Northern said the majority of available trains will operate between 7am and 7pm, with services on some routes finishing earlier and that during these hours the overall number of trains running will be significantly reduced.

Merseyrail said a reduced service will run across its network on both days, with most trains running between 7am and 7pm and no trains on the Ellesmere Port, New Brighton and Kirkby lines.

Southern said that Gatwick Express services will operate normally, while a ‘full Southern service is expected to operate on all routes, except [cancellations on a number of routes]’.

Greater Anglia said it plans to run a full, normal service on both days, with no service alterations.

The RMT said on Tuesday morning that strike action was ‘absolutely rock solid right across the country’.

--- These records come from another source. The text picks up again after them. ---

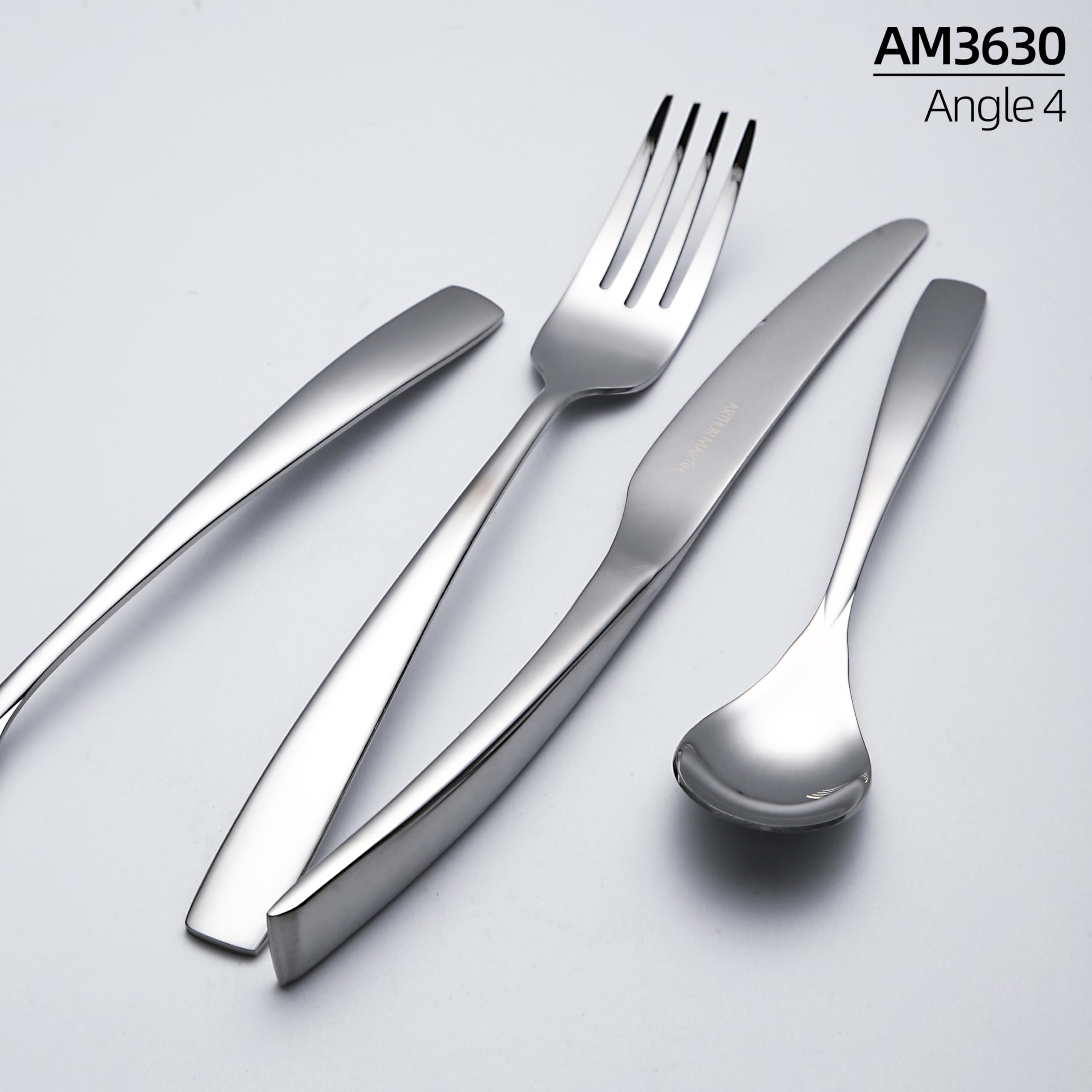 Arthur Martin AM3630 Juego de cubiertos de 24 piezas Juego de cubiertos de acero inoxidable para 6 personas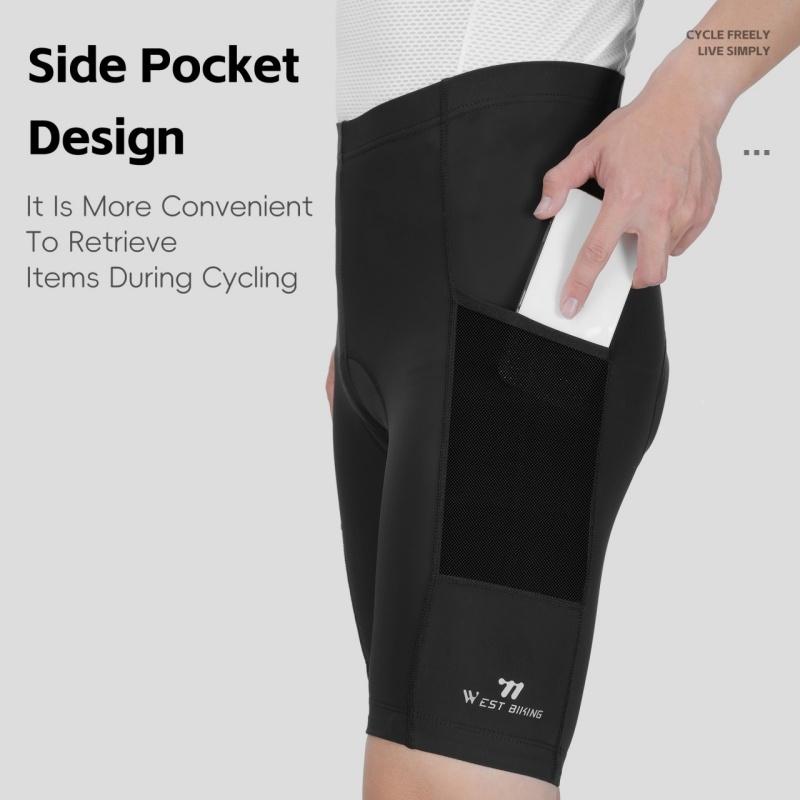 WEST BIKING Men's Cycling Shorts Breathable Sport Compression Elastic Tights Outdoor Sports Motorcycle Short Pants Equipment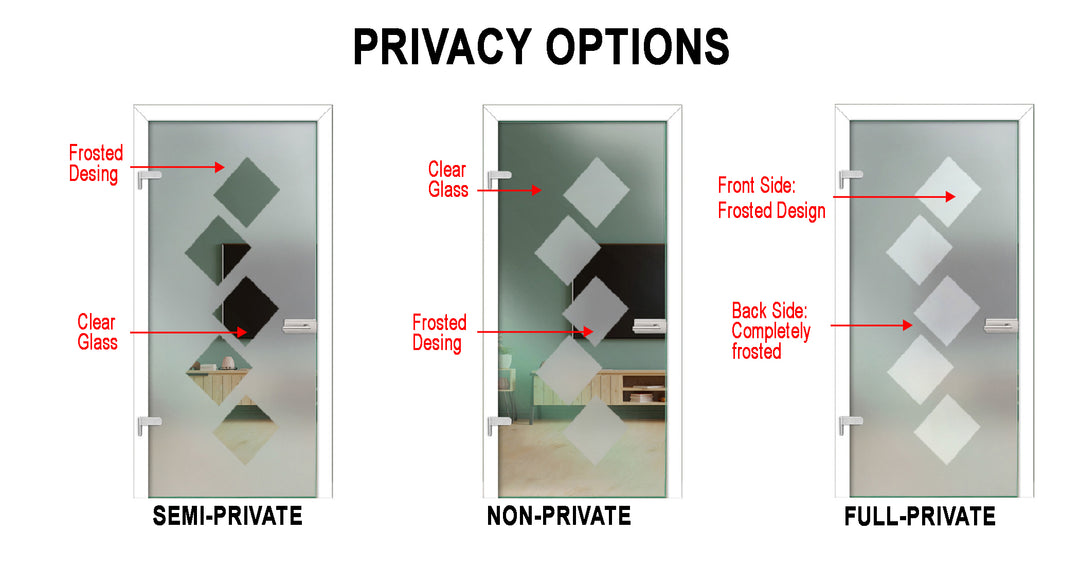 Double Hinged Glass Door  DHDG - 3365 - DoorDiscounter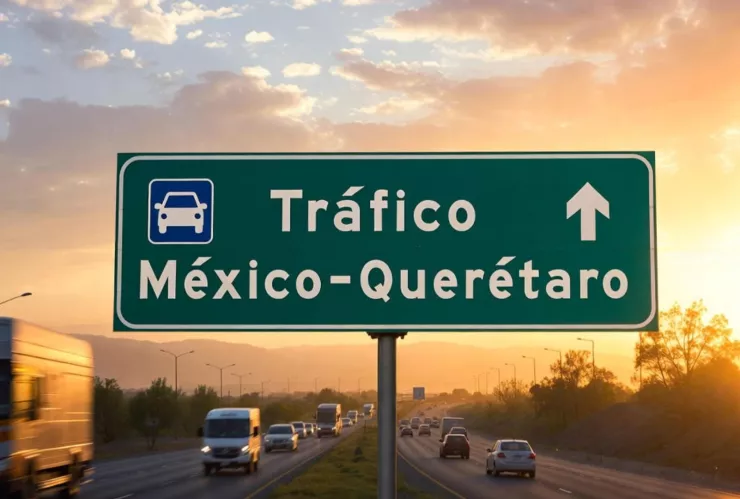 Tráfico intenso en la carretera México-Querétaro hoy.jpg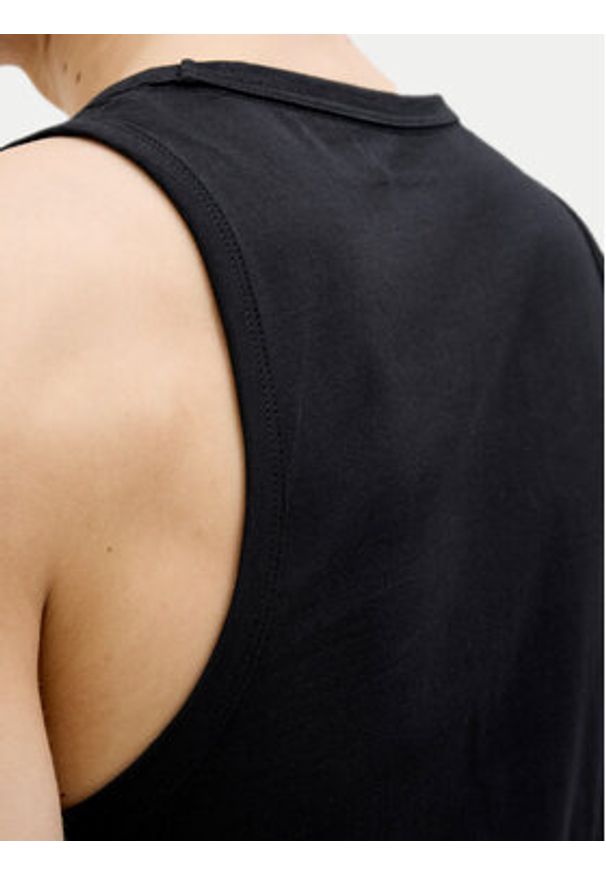 Jack & Jones Tank top Hawaii 12269321 Czarny Standard Fit. Kolor: czarny. Materiał: bawełna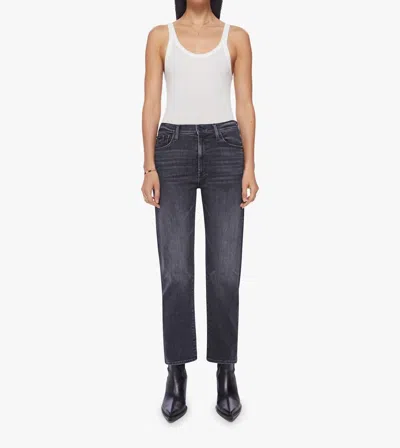 Mother The Ditcher Zip Ankle Jean In Smoking Section In Multi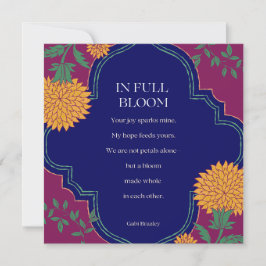 Cartão De Festividades In Full Bloom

General secretary Mick Cash has written to the prime minister alleging that ‘a number of train operating companies are privately indicating to me that that it is the government that are preventing the deals that in normal circumstances they would be able to make with the RMT’.

Rail minister Paul Maynard said: 'The RMT should stop using passengers as pawns in their political game, call off this strike action and return to talks.

'This dispute is not about jobs as all the companies have guaranteed posts and I have been clear I want to see more people working on the railways, not fewer. It's not about safety either as the independent regulator has ruled that driver-controlled trains are safe.'

Paul Plummer, chief executive of the Rail Delivery Group, which represents train operators, said: ‘Train operators are doing all they can to keep vital services running because jobs, businesses and passengers deserve and need a long-term investment and improvement plan, not short-term opportunistic strikes by the RMT leadership intent on dragging the country backwards.’